_Task objective_
In the data below, find the line containing "Продавец в магазин разливных напитков"; transcribe it and each line after it exactly, through the last, skipping pictures.

*** Working data ***

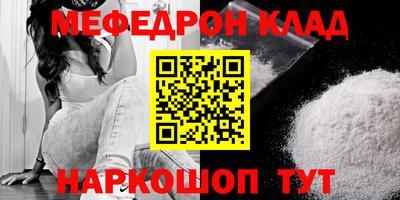 скорость mdpv Аргун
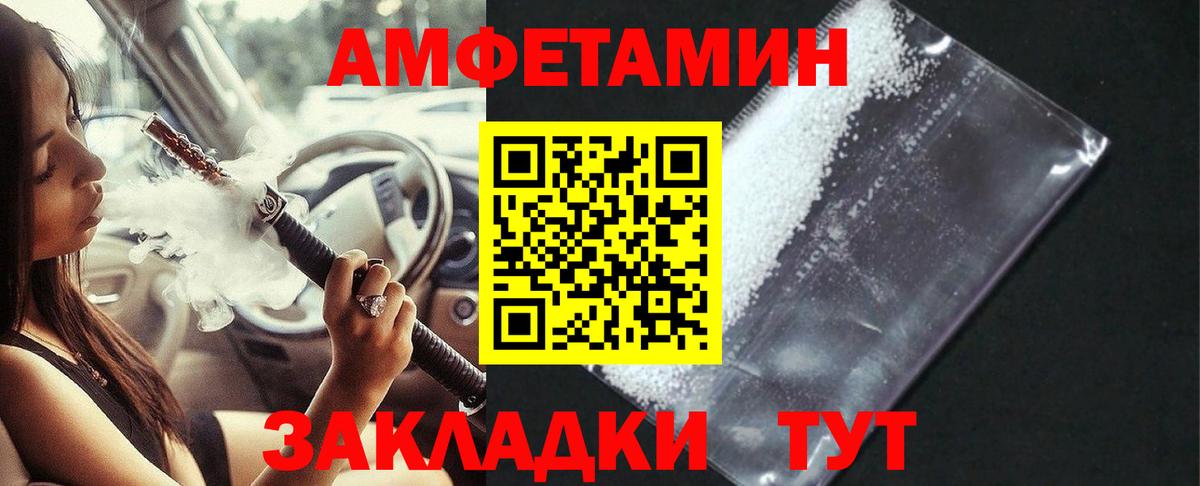 АМФЕТАМИН VHQ Шебекино
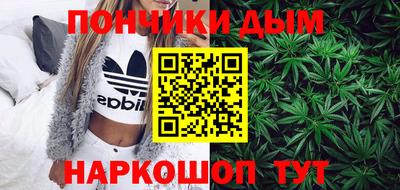 MDMA Premium VHQ Ливны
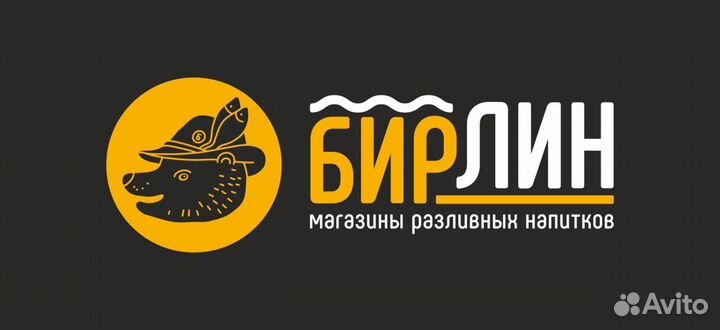 Продавец в магазин разливных напитков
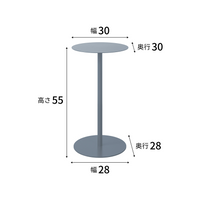 PIVOT mini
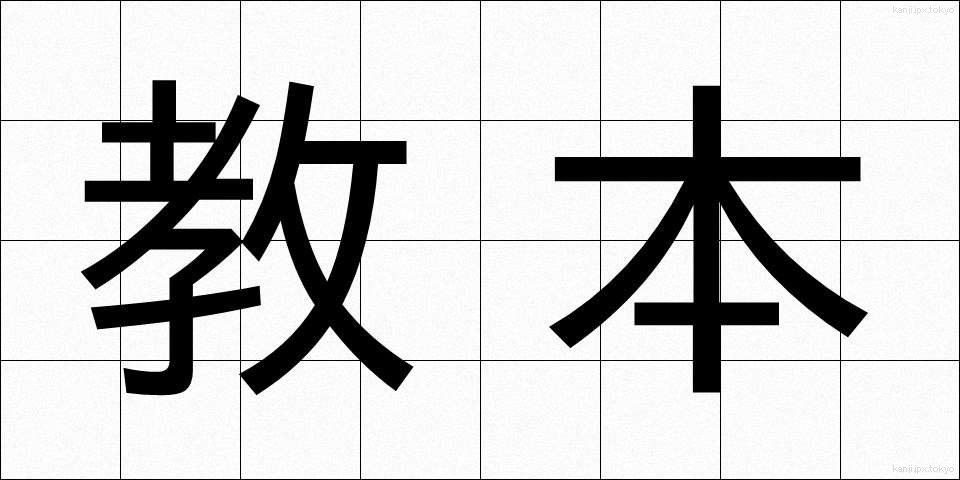 教本 (きょうほん)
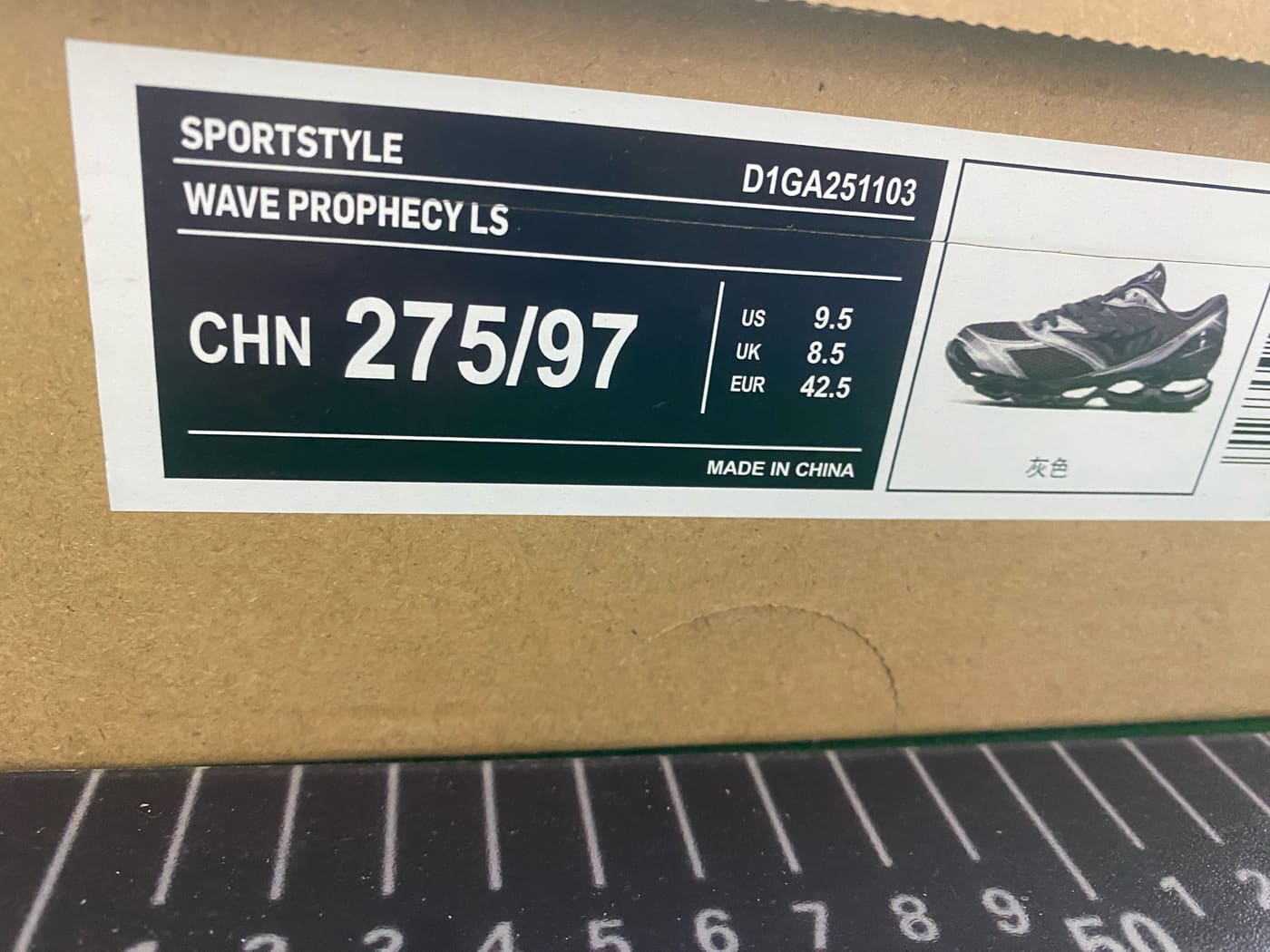 Paire de Mizuno (13 coloris) — QC 3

*** End of Working data ***

_Exercise result_
 Продавец в магазин разливных напитков
 PIVOT mini
 教本 (きょうほん)
 Paire de Mizuno (13 coloris) — QC 3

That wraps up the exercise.